Nine foreign peacekeepers, including French and Canadian soldiers, were killed Sunday when a French plane attached to the Sinai’s multinational peacekeeping force crashed in a remote, mountainous area of the desert, the force’s spokesman and police said.
Force spokesman Normand St. Pierre said as many as eight of the dead were French, but did not have exact figures. He said a “higher than normal” load of passengers and crew were aboard the aircraft at the time of the crash because it was on a training mission.
Capt. Mohammed Badr, a police officer in Sinai, said the nine who were killed included a mix of French and Canadian soldiers, but could not provide an exact breakdown. He said one of the plane’s wings hit a car on its way down, but the driver escaped unharmed.
The crash occurred in the middle of the vast Sinai Peninsula near the village of el-Thamad, about 50 miles southeast of a town called Nakhl, said Badr.
Ahmed Fadhel, the press officer at the French Embassy in Cairo, had no immediate comment. The Defense Ministry in Paris also had no immediate comment.
Capt. Ihab Moheildin, the air control officer at Cairo airport, said the Canadian-made DeHavilland DHC-6 Twin Otter plane took off in sunny, clear weather at 7:46 a.m. local time from El Gorah base — the northern headquarters of the peacekeeping mission — on its way to St. Catherine’s airport in the southern Sinai Peninsula.
He said the airport lost contact with the plane at 9:15 a.m. after receiving a distress signal, indicating a possible mechanical failure. The plane then crashed into a mountain, according to Moheildin.
The peacekeeping force, officially called the Multinational Force & Observers, is an independent international organization created by Egypt and Israel to monitor their border in the Sinai after a 1979 peace deal.
It currently includes forces from the United States, France, Australia, Canada, Colombia, Fiji, Hungary, Italy, New Zealand and Uruguay, plus a few officers from Norway.
‘A trail of flame and smoke’
Ahmad Attallah, a truck driver who was driving about 25 miles south of Nakhl told The Associated Press he saw the plane on its way down.
“I looked up and saw a small plane with a trail of flame and smoke flying at a low altitude and then it disappeared and I heard an explosion,” he said.
St. Pierre said MFO personnel were en route to the scene of the accident. He said his information about the crash came from local Egyptian authorities who arrived at the scene of the wreckage, and who told force officials that there appeared to be no survivors.
St.

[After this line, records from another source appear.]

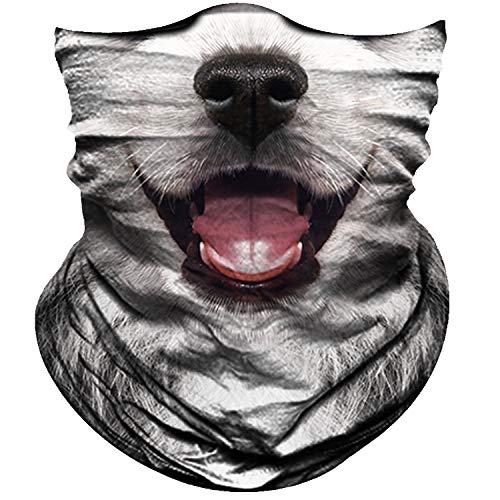 Sneeze Guard Base Brackets Where to Buy At Best Price SmartResponder.info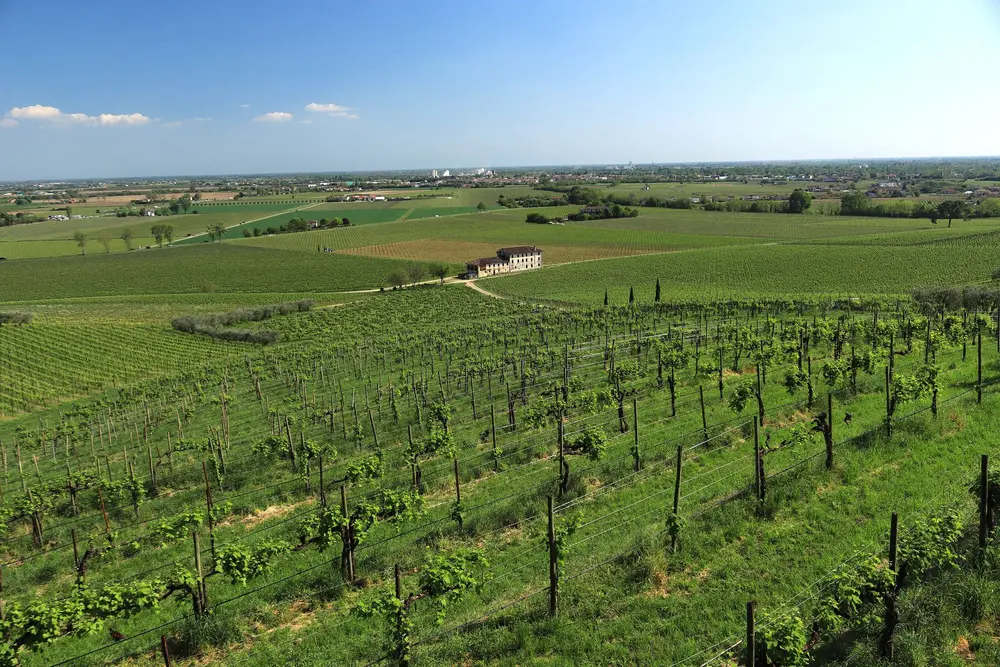 Vineyard landscape (illustrative picture)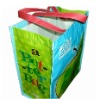 China High quality pp woven shopping bag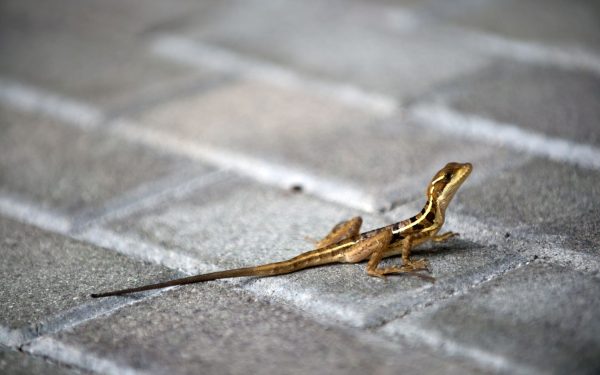 Animalele sălbatice, tot mai prezente în orașe: Cum se adaptează, dezvăluie știința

Pierre said it was unclear how many people in all were aboard the Twin Otter, but other local, officials said nine died who were aboard — four crew and five passengers.
“The locals said they saw a crash site and that everyone is dead. Our own people have not confirmed that,” St. Pierre said.
He said he had “no idea” what caused the crash.
“We lost air traffic communications, but as far as I know there was no report of problems,” St. Pierre said.
Moheildin said the Egyptian government and the MFO have started an investigation into the crash.